A few weeks ago, I would’ve slapped you if you had told me you were playing fewer than 4 of these. But now that 4c Copycat is among the two most popular decks, you can’t afford it. Especially in this list without Evolving Wilds and Clues, it’s just not good in that matchup. I’m turning to Grasp of Darkness and Murder. I’d play 3 Grasps, but I’m hedging a little with the 1 Murder because it’s better against Torrential Gearhulk and the mirror.

I have a hard time evaluating how popular Temur Tower will be this weekend, but if it is popular, then only 2 Fatal Push makes even more sense.

Aethersphere Harvester

I have mixed feelings about this card. My conclusion with Black-Green lists I had in the past was that it just isn’t good. But because your deck is more aggressively slanted, which makes good use of flying and can use the energy, I’m leaning toward wanting them.

They are also quite good against Mardu game 1 because they don’t have their transformational sideboard plan yet.

I could see Tireless Tracker taking the spot if I really can’t stand them anymore, but that might require adding a land to the deck.

Harsh Scrutiny

I believe this was Brad Nelson technology at GP Pittsburgh. I’m not sure what it was for back then—possibly the mirror—but these days I bring it in against 4c Copycat. It’s a nice way to see if I should be playing around the combo and to snag a Felidar Guardian. Transgress the Mind does the same thing while being able to hit Baral’s Expertise and planeswalkers.

Bristling Hydra

Next to Blossoming Defense, here’s the other card that a Temur Tower deck fears the most. I also happen to bring it in against Mardu when they go slower and more removal-heavy.

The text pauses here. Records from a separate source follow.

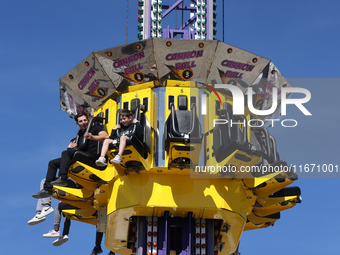 Rides take place during the 180th annual Markham Fall Fair in Markham, Ontario, Canada, on October 5, 2024. (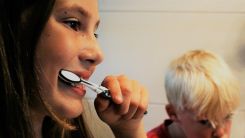 Mother and son brushing their teeth
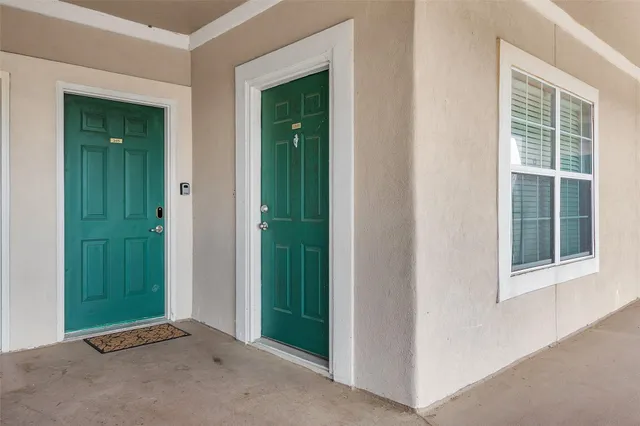 an empty room with closet and a window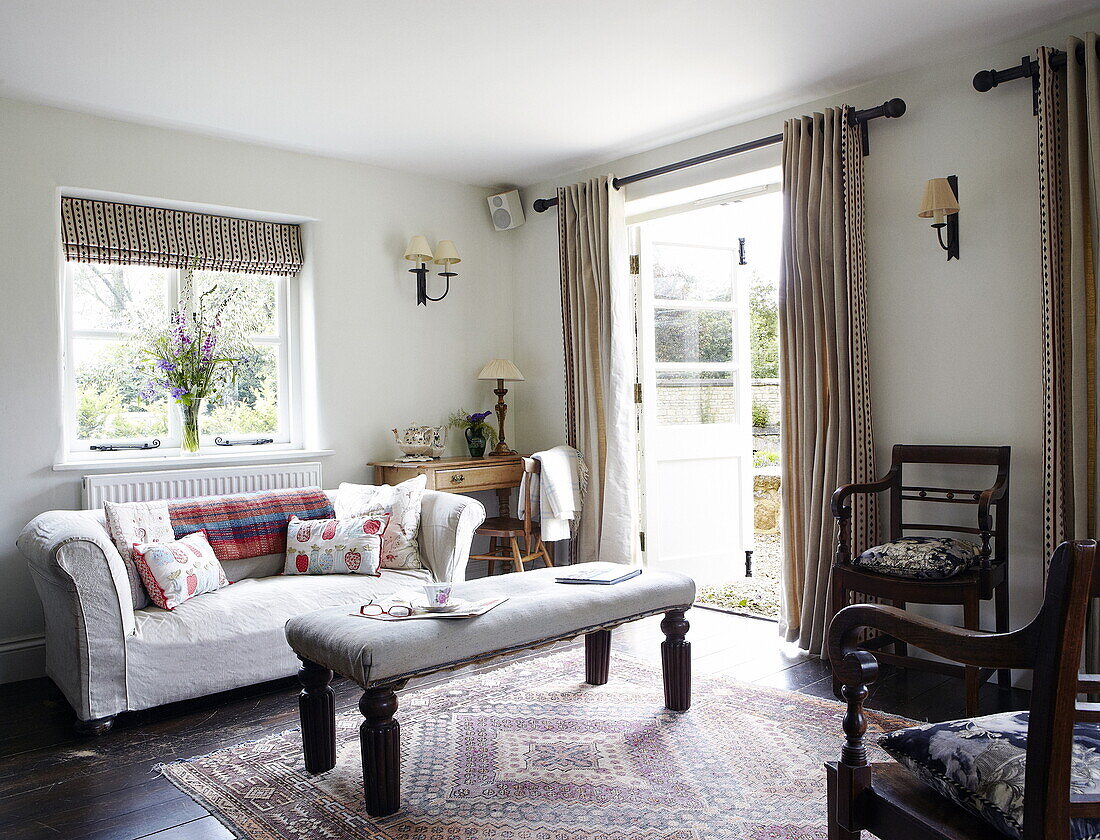 Gepolsterter Schemel und Esszimmerstühle mit Sofa im Wohnzimmer eines Hauses in Oxfordshire, England, UK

It does die to Oath of Liliana, which is a shame, but with so many creatures in your deck it’s not uncommon to dodge it.

GP New Jersey

I wish I could tell you that this is the deck I’m going to play this weekend, but Temur Tower is an absolute blast for me to play, and it’ll be hard to say no to it…

I haven’t made my choice, though I’m comfortable against control and Mardu with the list I’ve provided. I’m still trying to figure out how the 4c Copycat matchup is. I assume it’s still not great, despite beating it a few times. We’ll see—if those winning results keep coming in, I might be Snaking again.